• **Task goal**:
Each record listed below is to be output exactly as written.

Information given Start Marker

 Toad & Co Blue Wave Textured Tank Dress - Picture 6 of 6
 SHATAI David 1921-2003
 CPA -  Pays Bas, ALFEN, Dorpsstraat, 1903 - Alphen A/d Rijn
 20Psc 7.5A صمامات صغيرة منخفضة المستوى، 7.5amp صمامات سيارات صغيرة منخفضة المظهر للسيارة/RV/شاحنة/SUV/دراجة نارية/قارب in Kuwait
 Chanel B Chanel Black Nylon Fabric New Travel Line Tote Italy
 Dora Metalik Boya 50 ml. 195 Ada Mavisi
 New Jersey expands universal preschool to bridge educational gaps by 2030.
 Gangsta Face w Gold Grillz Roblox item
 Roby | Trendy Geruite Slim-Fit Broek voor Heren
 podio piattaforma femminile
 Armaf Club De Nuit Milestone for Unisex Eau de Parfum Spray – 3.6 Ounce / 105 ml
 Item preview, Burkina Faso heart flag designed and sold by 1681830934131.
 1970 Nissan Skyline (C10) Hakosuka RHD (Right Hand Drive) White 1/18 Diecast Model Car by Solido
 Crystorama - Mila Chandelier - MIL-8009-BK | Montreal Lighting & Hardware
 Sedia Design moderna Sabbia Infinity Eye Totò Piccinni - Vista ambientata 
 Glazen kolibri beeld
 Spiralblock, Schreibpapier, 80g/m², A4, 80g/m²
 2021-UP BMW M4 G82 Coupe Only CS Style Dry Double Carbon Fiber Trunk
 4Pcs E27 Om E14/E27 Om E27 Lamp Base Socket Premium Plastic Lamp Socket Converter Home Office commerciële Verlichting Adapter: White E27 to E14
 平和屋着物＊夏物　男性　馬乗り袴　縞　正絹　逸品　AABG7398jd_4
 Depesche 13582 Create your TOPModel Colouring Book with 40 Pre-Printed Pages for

Information given End Marker

• **Expected answer**:
 Toad & Co Blue Wave Textured Tank Dress - Picture 6 of 6
 SHATAI David 1921-2003
 CPA -  Pays Bas, ALFEN, Dorpsstraat, 1903 - Alphen A/d Rijn
 20Psc 7.5A صمامات صغيرة منخفضة المستوى، 7.5amp صمامات سيارات صغيرة منخفضة المظهر للسيارة/RV/شاحنة/SUV/دراجة نارية/قارب in Kuwait
 Chanel B Chanel Black Nylon Fabric New Travel Line Tote Italy
 Dora Metalik Boya 50 ml. 195 Ada Mavisi
 New Jersey expands universal preschool to bridge educational gaps by 2030.
 Gangsta Face w Gold Grillz Roblox item
 Roby | Trendy Geruite Slim-Fit Broek voor Heren
 podio piattaforma femminile
 Armaf Club De Nuit Milestone for Unisex Eau de Parfum Spray – 3.6 Ounce / 105 ml
 Item preview, Burkina Faso heart flag designed and sold by 1681830934131.
 1970 Nissan Skyline (C10) Hakosuka RHD (Right Hand Drive) White 1/18 Diecast Model Car by Solido
 Crystorama - Mila Chandelier - MIL-8009-BK | Montreal Lighting & Hardware
 Sedia Design moderna Sabbia Infinity Eye Totò Piccinni - Vista ambientata 
 Glazen kolibri beeld
 Spiralblock, Schreibpapier, 80g/m², A4, 80g/m²
 2021-UP BMW M4 G82 Coupe Only CS Style Dry Double Carbon Fiber Trunk
 4Pcs E27 Om E14/E27 Om E27 Lamp Base Socket Premium Plastic Lamp Socket Converter Home Office commerciële Verlichting Adapter: White E27 to E14
 平和屋着物＊夏物　男性　馬乗り袴　縞　正絹　逸品　AABG7398jd_4
 Depesche 13582 Create your TOPModel Colouring Book with 40 Pre-Printed Pages for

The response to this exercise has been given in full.